"""
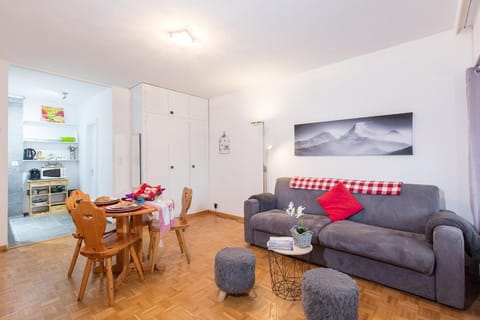 L'Eperon Center Crans wonderful view Apartment in Crans-Montana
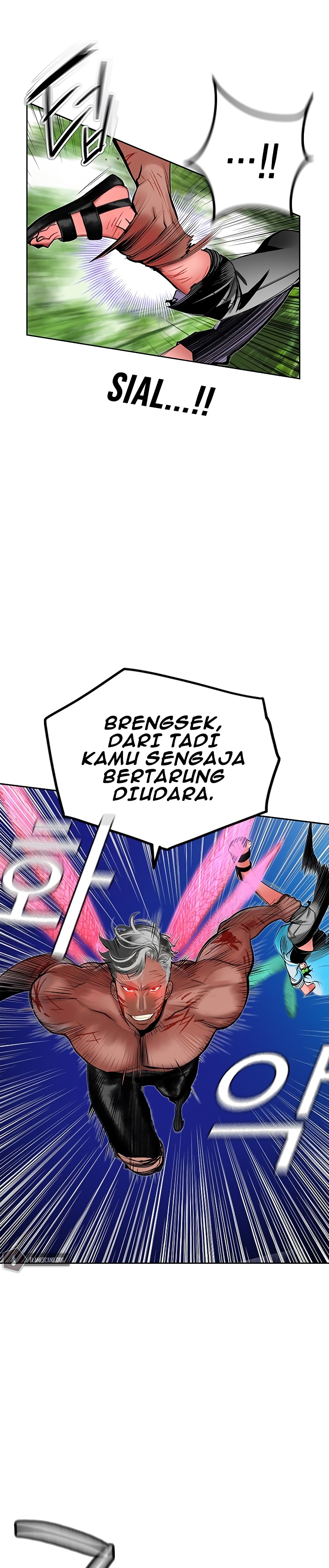 Jungle Juice Chapter 44 Halaman 32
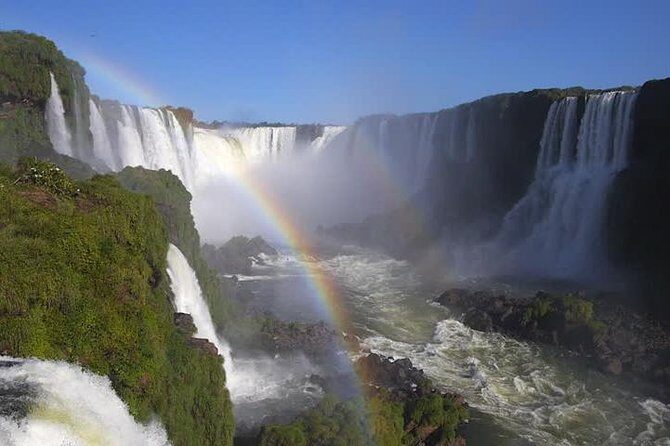 Guided Tour of the Falls - Who Is This Tour Best For?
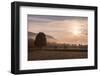 Summer Morning in Carinthia-Simone Wunderlich-Framed Photographic Print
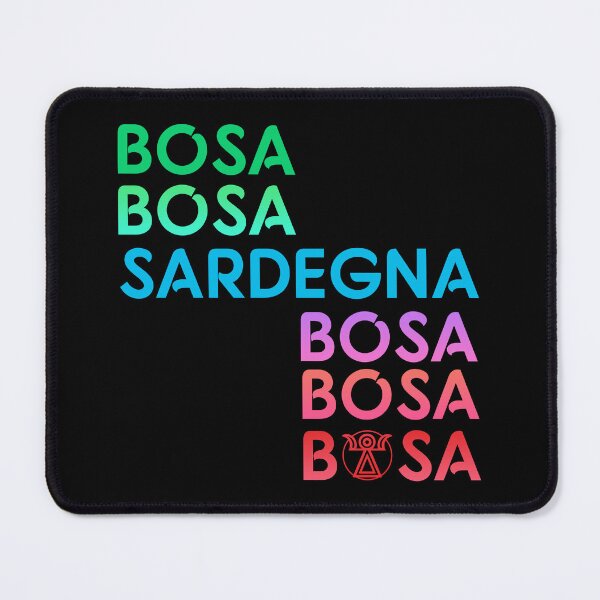 Item preview, Sardinia - Sardegna - Italy - Bosa - Rainbow writing designed and sold by miskaralise.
"""
• Exercise brief: Aside from the pictures, repeat the listing exactly.

• Answer to the exercise:
 L'Eperon Center Crans wonderful view Apartment in Crans-Montana
 Jungle Juice Chapter 44 Halaman 32
 Guided Tour of the Falls - Who Is This Tour Best For?
 Summer Morning in Carinthia-Simone Wunderlich-Framed Photographic Print
 Item preview, Sardinia - Sardegna - Italy - Bosa - Rainbow writing designed and sold by miskaralise.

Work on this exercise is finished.